With Italy's new government testing the patience of markets over fiscal proposals, some in the country's political establishment have suggested the ECB could do more to keep its borrowing costs low after yields surged in the spring.

"The (EU) Treaties did not make financial stability an ECB objective," Mersch told a conference. "The ECB’s only primary responsibility is price stability."

Mersch argued that financial stability, a vaguely defined concept, is relevant for the bank if it is needed to keep inflation on target and the rest of the work must be done by at the national level, in part to shield the ECB from political pressure.

Still, Mersch's tone on the issue appeared somewhat softer than the German view after Bundesbank President Jens Weidmann called the idea of giving the ECB a role in stability a "perilous" proposal.

"Addressing issues of financial stability in order to promote price stability is therefore possible with two caveats," Mersch argued. "First, price stability enjoys primacy... second, financial stability-related policies need to comply with the principle of proportionality."

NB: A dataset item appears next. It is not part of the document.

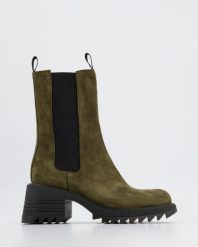 ZIELONE BOTKI M547M3 CAM KHAKY. Zielone botki Venezia, bez wzorów, ze skóry, bez obcasa, bez zapięcia. Za 399.00 zł.
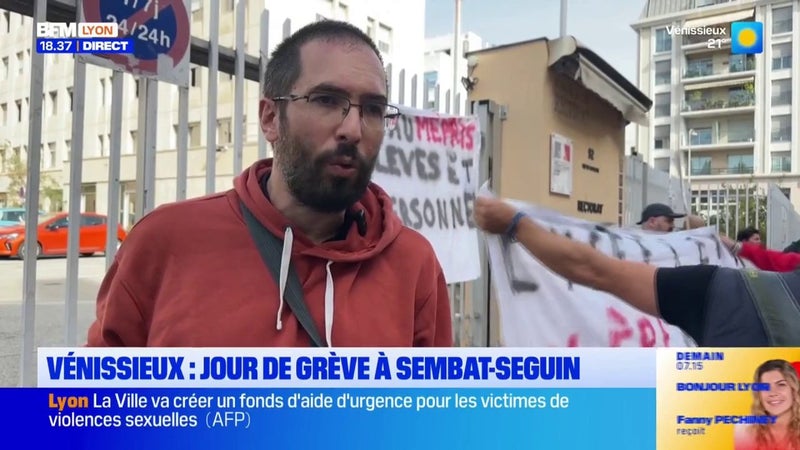 Vénissieux : grève au Lycée Sembat Seguin, les enseignants rassemblés devant le rectorat 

But ultimate responsibility remains with the political establishment since decisions have a bigger distributional impact and the resulting political pressure could test the independence of the bank, he said.

"The ECB might be better suited to 'contributing' in an advisory capacity ... Otherwise political pressures to adopt one or the other stance in questions of financial stability might also threaten central bank independence," Mersch added.